What it is: Terminal coding assistant. Logs chats to flat markdown by default; has an optional SQLite/Datasette mode.

  • Path:
    • <cwd>/.aider.chat.history.md — the long-running markdown log
    • <cwd>/.aider.input.history — user prompt history with ISO timestamps
    • <cwd>/.aider/ — caches and analytics JSON
    • $AIDER_CHAT_HISTORY_FILE env var overrides location.
  • Format: Markdown for chat. Each session starts with a banner # aider chat started at <ISO timestamp>. User turns are blockquoted lines prefixed ####, assistant turns are plain markdown, and aider’s own console output is prefixed >. Token/cost is logged inline: > Tokens: 2.3k sent, 13 received. Cost: $0.00024 message.
  • Input history format: Plain text with timestamps and +-prefixed prompts. Looks like:
    57.492882
    +y
  • Built-in search UI: No. There’s a /datasette slash command that boots Datasette against the SQLite history if you opt in.
  • Format documented: Markdown format is conventional, not specified. SQLite/Datasette integration came from PR #1860 and is loosely documented; the schema lives in the source, not in docs.
  • Per-event schema (markdown): No structured event metadata — timestamps only at session-start, token/cost in console lines. Tool calls are not a concept in aider; everything is search/replace blocks in the markdown.
  • Third-party tooling: Aider’s own /datasette is the main offering. Otherwise grep/awk.
  • Clever: Two files split intent (input.history is just what the human typed, timestamped, perfect for an editor history scrollback). Easy to skim by eyeball. Cost line is gold for usage analytics.
  • Bad: Per-cwd siloing means a history file per project; nothing global. No structured tool-call log. Markdown is lossy — round-tripping back into an LLM context is painful. The SQLite mode is opt-in, undocumented, and rarely used.

URLs:

Sample observed locally at ~/.aider.chat.history.md and ~/.aider.input.history (Jan 2026).

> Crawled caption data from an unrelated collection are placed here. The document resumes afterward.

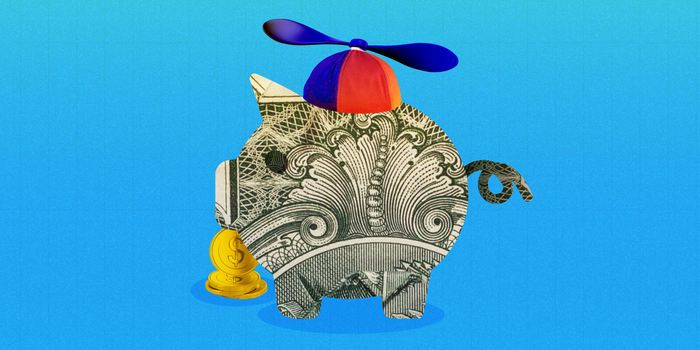 A piggy bank made out of cash with coins and a child's propeller hat representing kids' savings accounts against a blue background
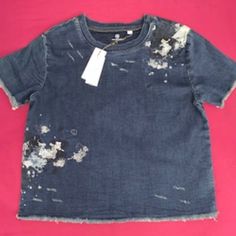 Size: L; Excellent Condition . Brand New With Tags. Features: Crew Neck, Short Sleeve, Indigo Denim, Embroidered Detail, Splattered Paint Detail, Fraying At The Sleeve And Hem, 91% Cotton,7% Polyester, 2% Spandex, Machine Washable. (K01) Indigo Short Sleeve Cotton Denim Top, Indigo Short Sleeve Denim Top, Indigo Cotton Denim Top With Short Sleeves, Blue Short Sleeve Top With Frayed Hem, Washed Denim Blue Short Sleeve Tops, Dark Wash Denim Short Sleeve Top, Dark Wash Cotton Short Sleeve Top, Blue Cotton Short Sleeve Denim Top, Blue Short Sleeve Cotton Denim Top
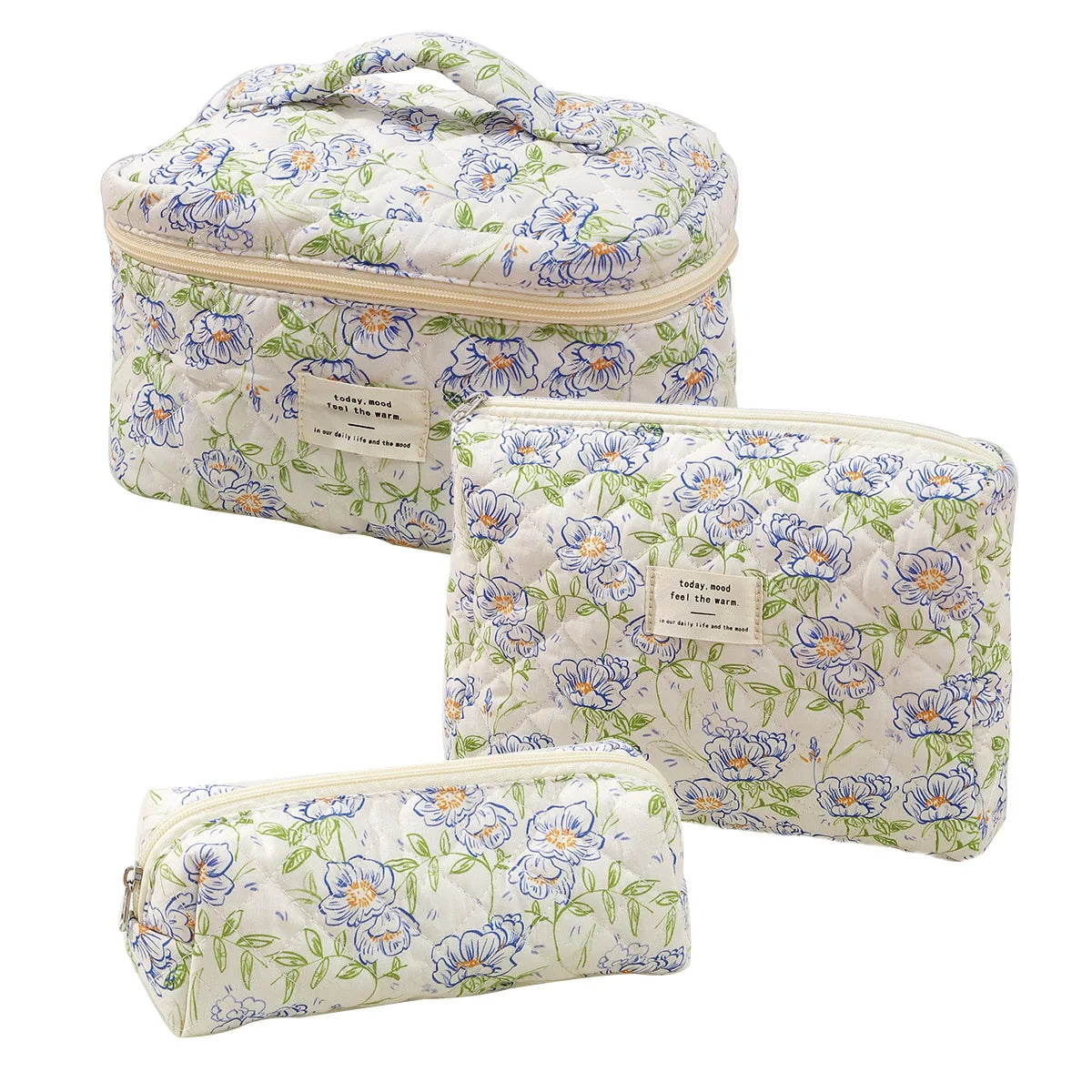 A set of quilted cotton makeup organizers featuring a light blue and green floral pattern.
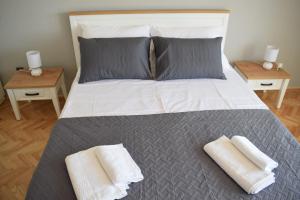 Posteľ alebo postele v izbe v ubytovaní Apartman Oneum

3. Cline (saoudrizwan.claude-dev, VS Code)

Section titled “3. Cline (saoudrizwan.claude-dev, VS Code)”

What it is: Heavyweight Claude-in-VS-Code extension. Most disciplined on-disk schema of any tool reviewed.

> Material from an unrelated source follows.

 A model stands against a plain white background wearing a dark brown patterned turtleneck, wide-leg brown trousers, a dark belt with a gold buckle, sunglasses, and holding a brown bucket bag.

  • Path (macOS): ~/Library/Application Support/Code/User/globalStorage/saoudrizwan.claude-dev/
    • state/taskHistory.json — flat index of all tasks (id, title, ts).
    • tasks/<task-id>/ — one folder per task with three files:
      • api_conversation_history.json — full Anthropic Messages API payload (the array of {role, content[]} exactly as sent to Claude).
      • ui_messages.json — what was rendered in the panel (richer, includes api_req_started events with token counts streamed as updates).
      • task_metadata.json — title, created/updated timestamps, model.
    • checkpoints/ — workspace-scoped git-style checkpoints of file state.
  • Format: JSON files, one per concern. Anthropic-native message format for the actual transcript.
  • Built-in search UI: Task list inside the extension panel, no full-text search across tasks.
  • Format documented: Reverse-engineered, not formally published. DeepWiki pages and a docs.cline.bot “task history recovery” page describe the layout enough to back up and restore.
  • Per-event schema: Mixed model.
    • api_conversation_history.json is the canonical Anthropic Messages schema: role: user|assistant, content: [{type, text|tool_use| tool_result|...}].
    • ui_messages.json adds Cline-specific event types: api_req_started with cost/token counts that update as the stream returns, conversationHistoryDeletedRange tuples tracking truncation windows.
  • Third-party tooling: None broadly known; community mostly hand-rolls scripts to scrape the task folders.
  • Clever: Splitting “what was sent to the API” from “what was shown in UI” is the right architecture — one is a perfect replay of LLM context, the other is rich for analytics/visualisation. conversationHistoryDeletedRange is a smart way to preserve the original transcript while still tracking what got pruned. Per-task folders trivialize delete/export.
  • Bad: Three files per task and a per-task folder explodes the filesystem (thousands of files for power users); no SQLite index means search is “load every JSON and grep.” Cline issue #3784 documents the performance death-spiral from cramming all history into VS Code’s globalState.

URLs:


What it is: Open-source IDE extension (VS Code + JetBrains). Treats session history as opt-in “development data” telemetry — that framing matters because the data is more analytics-oriented than transcript-oriented.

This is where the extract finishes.